Le politologue de l’UCLouvain Vincent Laborderie s’inquiète, lui, d’une fracture apparue durant la pandémie: celle qui sépare les vaccinés des non-vaccinés. Ce clivage serait plus profond qu’on ne le pense et ses conséquences plus pérennes. “Les choix politiques pour construire le monde d’après sont encore ouverts, mais à court terme, je constate une stigmatisation d’un certain public – les non-vaccinés, les opposants au CST – qui représente un groupe relativement important. Les travaux de René Girard montrent qu’en période de crise, on a toujours besoin d’un bouc émissaire, d’un ennemi commun. C’est la façon de ­procéder de l’extrême droite. C’était l’étranger, le ­chômeur… Désormais, c’est le non-vacciné.”

Vincent Laborderie se dit “peu optimiste” pour la société de demain, ne gardant plus rien des rêves et des promesses prononcées en mars 2020 si ce n’est peut-être le fait que les Belges se sont souvenus qu’il ne fallait pas partir au bout du monde pour passer de bonnes vacances. S’il refuse le terme de dictature sanitaire ou de dictature tout court (“Tant qu’il y a des élections, c’est une démocratie”), il évoque une société de “contrôle permanent”. Celle-ci engendrerait certaines violences verbales et parfois physiques entre les deux ­groupes opposés. Il rappelle le cas extrême de ce gérant de café poignardé par un client mécontent de devoir montrer patte blanche. “Un tabou a sauté avec le CST: le fait que l’autorité publique, notamment la police, ne soit plus la seule à pouvoir contrôler l’identité des citoyens.

Stigmatiser pour mieux diviser

Vincent Laborderie pointe un autre changement: notre rapport à la vie privée et à l’État de droit. “Ces transformations ne sont pas nouvelles, s’étonne-t-il. Ça fait vingt ans qu’on est dans cette lignée, depuis le 11 septembre et le Patriot Act aux États-Unis. Pour des raisons de sécurité, la Belgique fléchit sur la confidentialité des données.
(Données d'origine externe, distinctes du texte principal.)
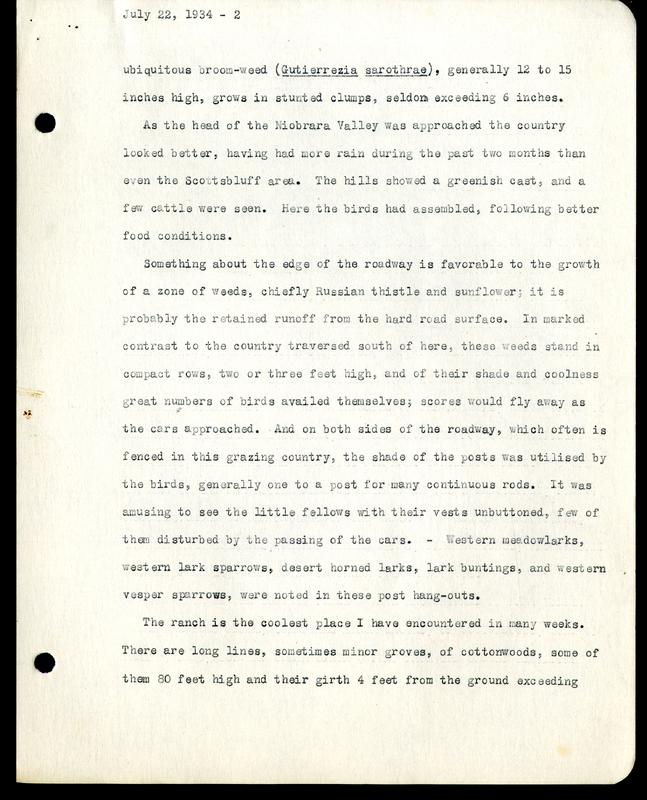 Frank H. Shoemaker typescript, 8 pages, on trip to Agate Springs Ranch with bird list.
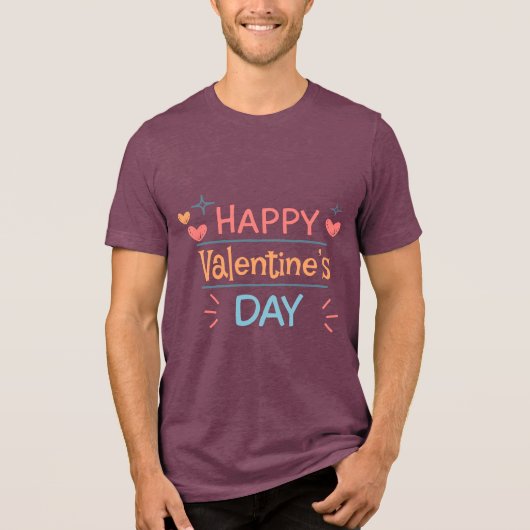 Valentine's Typography Sayings Tri-Blend Shirt (Voorkant)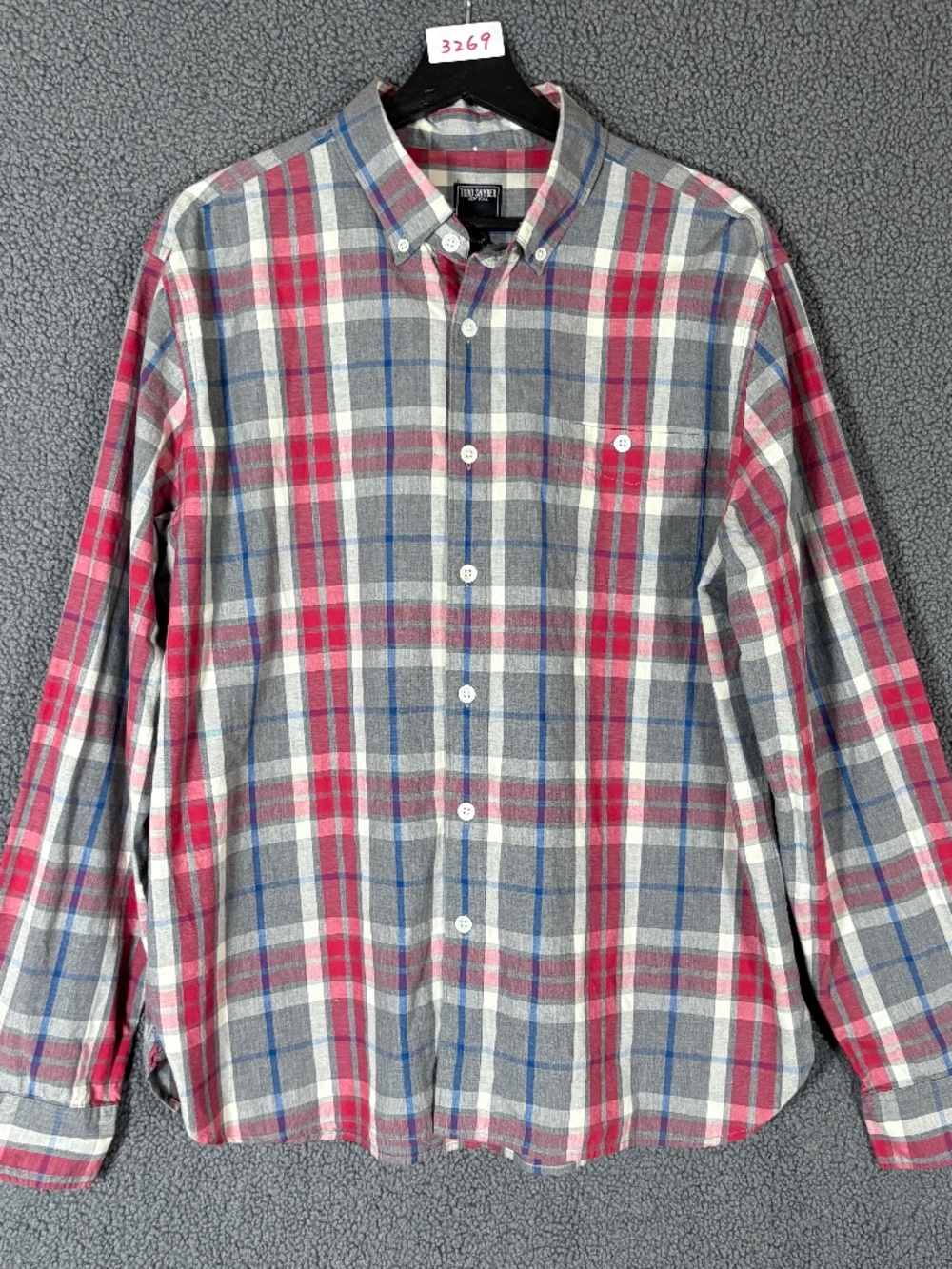 Todd Snyder Plaid Cotton Button Down Long Sleeve Shirt - Men's Size XL - Gray
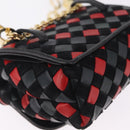 Bottega Veneta INTRECCIATO Chain Shoulder Pouch Leather Black Gold Auth 208281A-13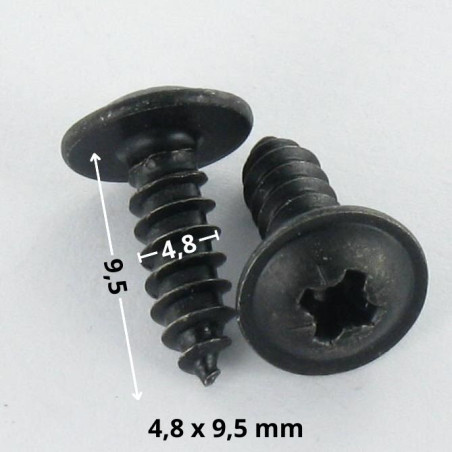 1 x Gevindvalse skrue kopskrue Pozi 4,8X9,5 sort galvaniseret A/PUNKT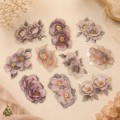 Set stickere PET Gold-Plated Flower Dawn Pink Mist Dream – flori roz-gri cu detalii aurii, 20 bucati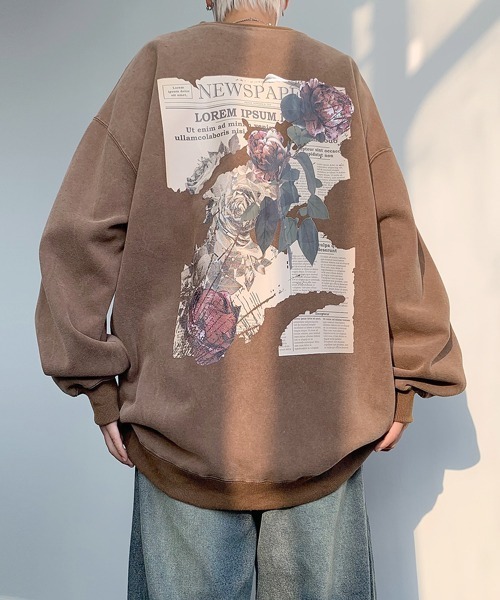 FVLMEN(フルメン)の「【FVLMEN】flower back print sweat pullover/フラワー バックプリント スウェット プルオーバー(スウェット・メンズ・ブラウン/ブルー/ブラック/グリーン・MEDIUM/LARGE/X-LARGE)」の15枚目の写真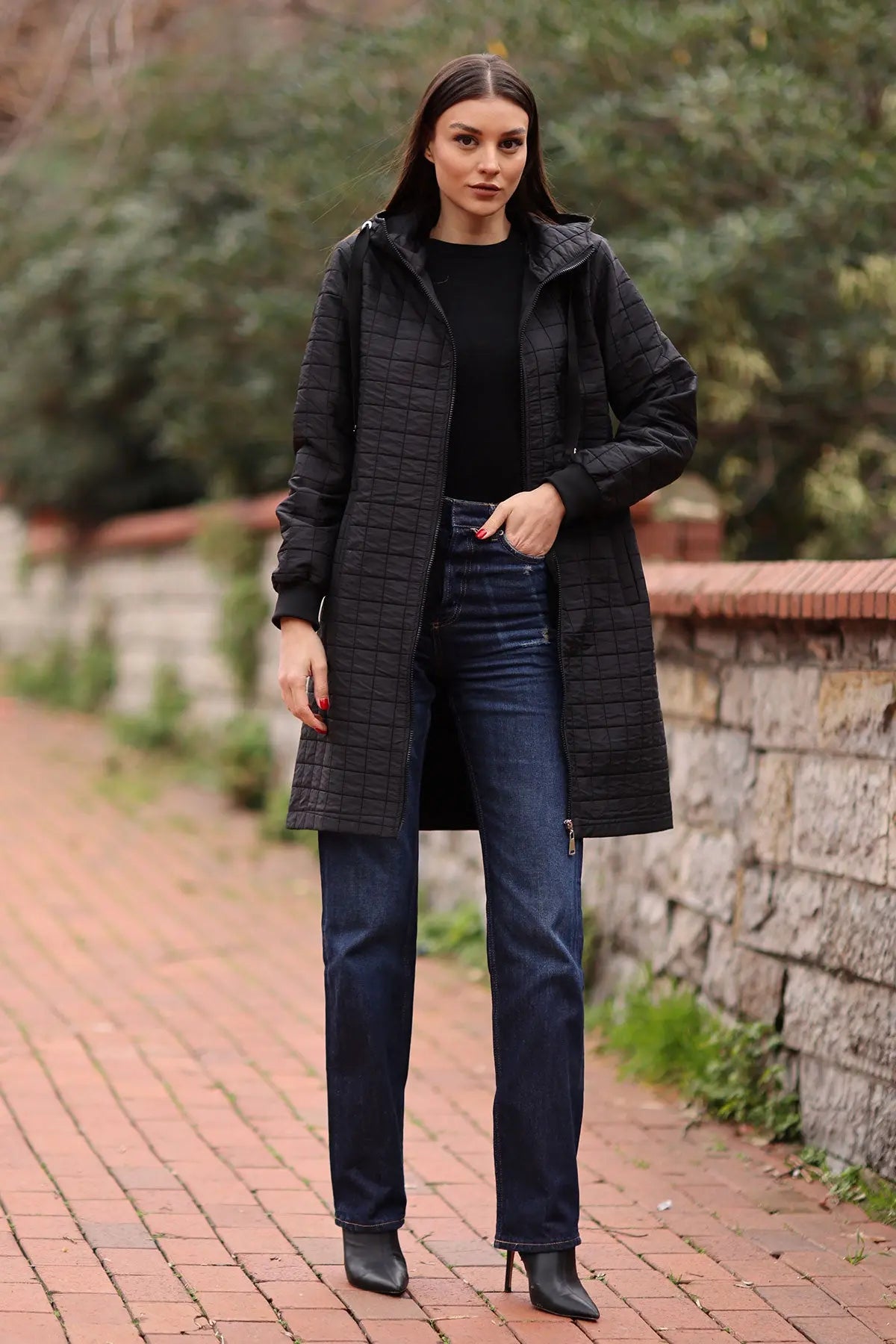 5138 kapitone uzun şişme mont - Justyol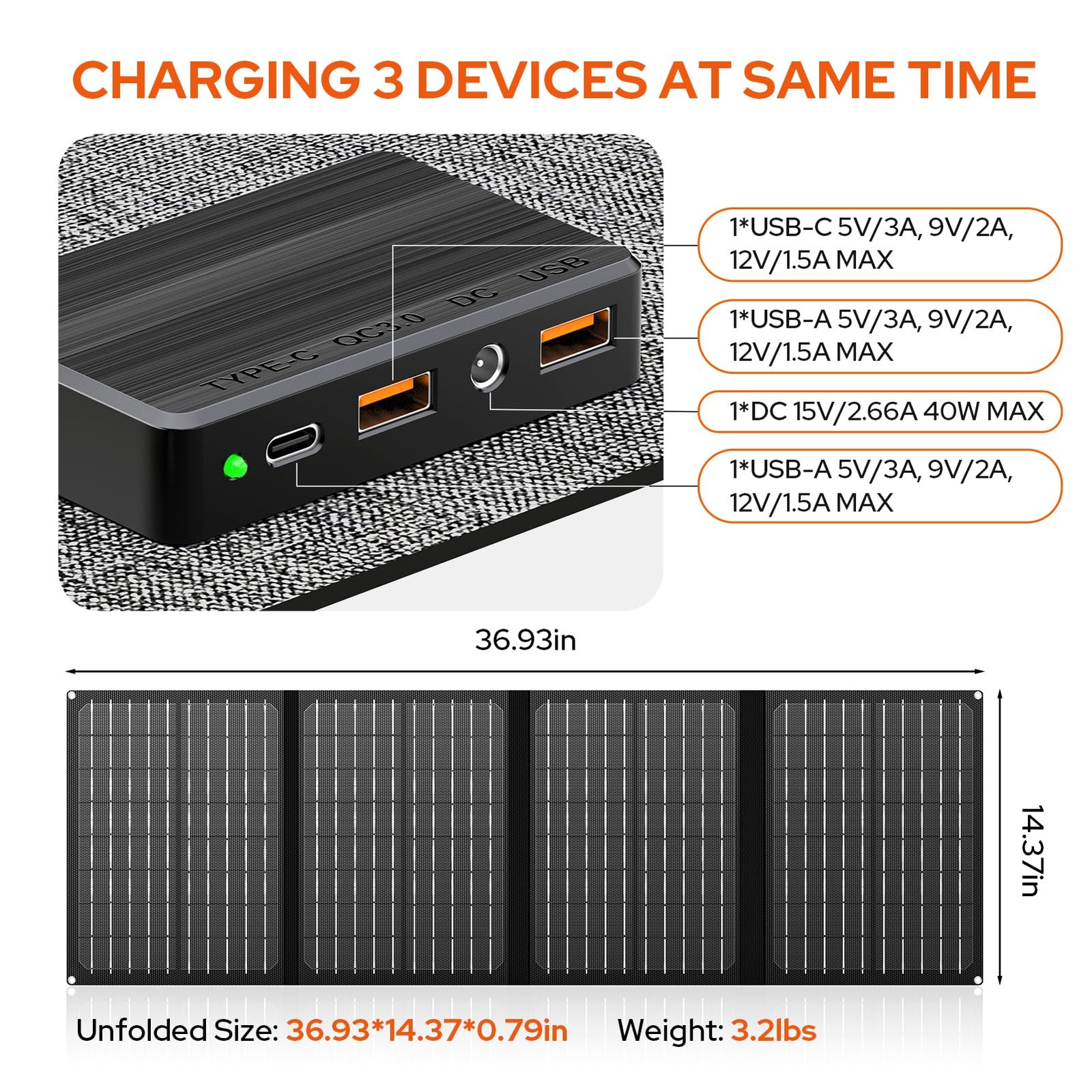 Portable Power Station with Foldable 40W Solar Panel, 100W Solar Powered Gene…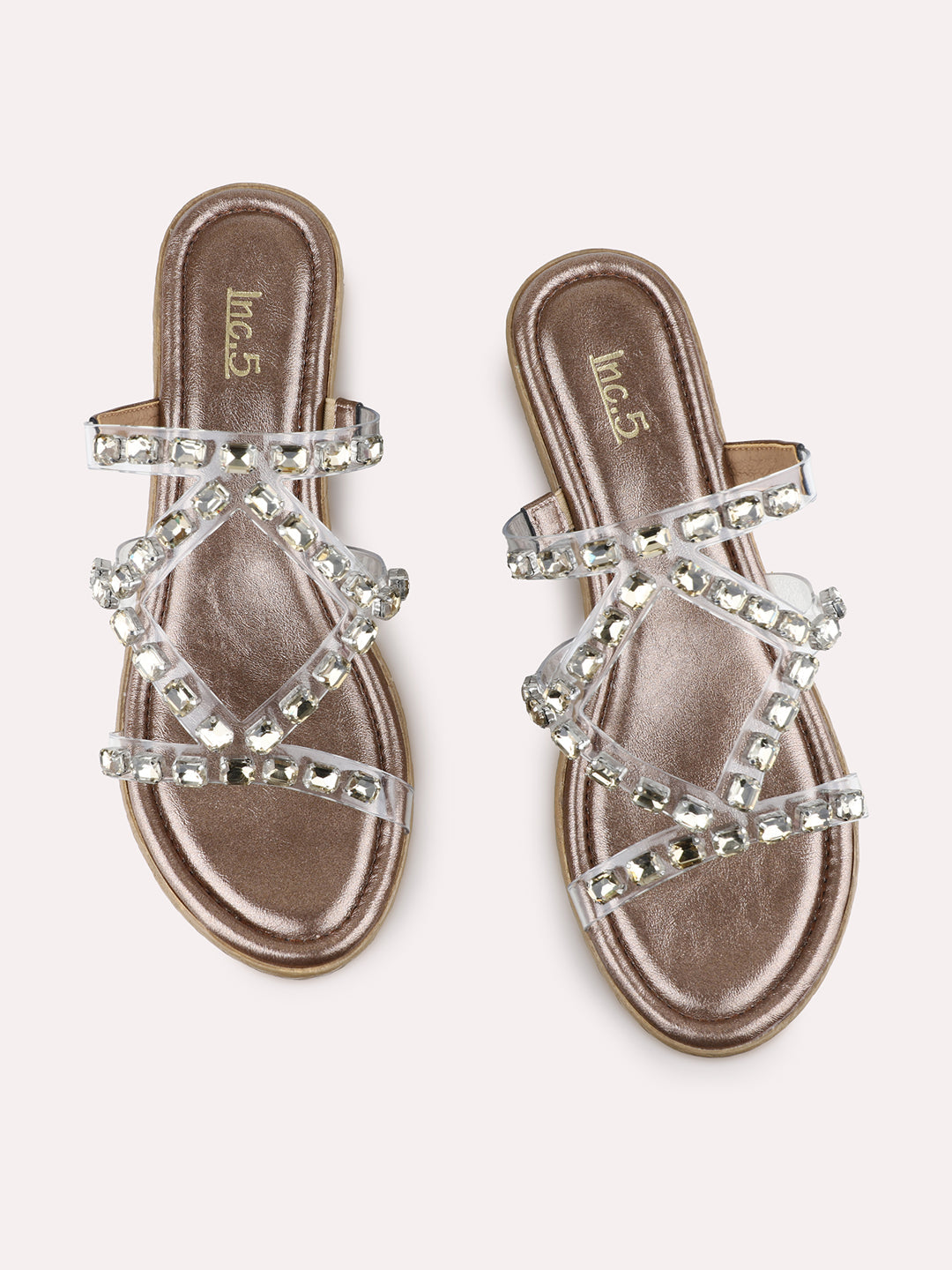 Womens Golden Ethnic Wear Embellished Round Toe Wedge Heel Sandals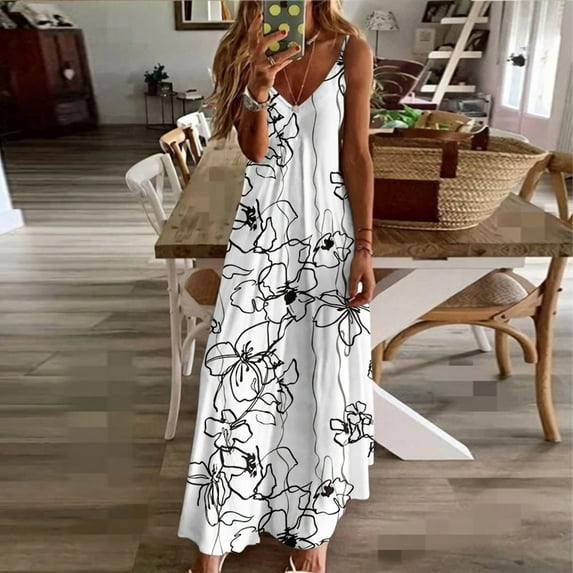 BLTIBY Women's Summer Maxi Dress Off the Shoulder Strapless V Neck Printed Boho Strap Casual Loose Fashion Long Dresses White S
Les élus disent ne pas avoir le choix. C’est faux: les pays scandinaves procèdent différemment. Pourquoi, chez nous, les élus prennent ces décisions? Pour la communication. En prenant une mesure, on ne leur reprochera pas de n’avoir rien tenté.”

Il reprend l’exemple du CST. “Les virologues s’accordent à dire que ce n’est pas la panacée. Mais si dans dix jours les chiffres baissent, les politiques diront que c’est grâce au CST. S’ils augmentent, ils diront que ça aurait été pire sans le CST. Le hic est qu’un autre résultat de cette politique-là, c’est qu’on stigmatise et que cette stigmatisation recoupe les autres: quand on dit que le problème pour la vaccination c’est Bruxelles et ses quartiers à majorité d’origine étrangère, on sert la soupe du Vlaams Belang. Les divisions sont donc plus profondes que jamais.”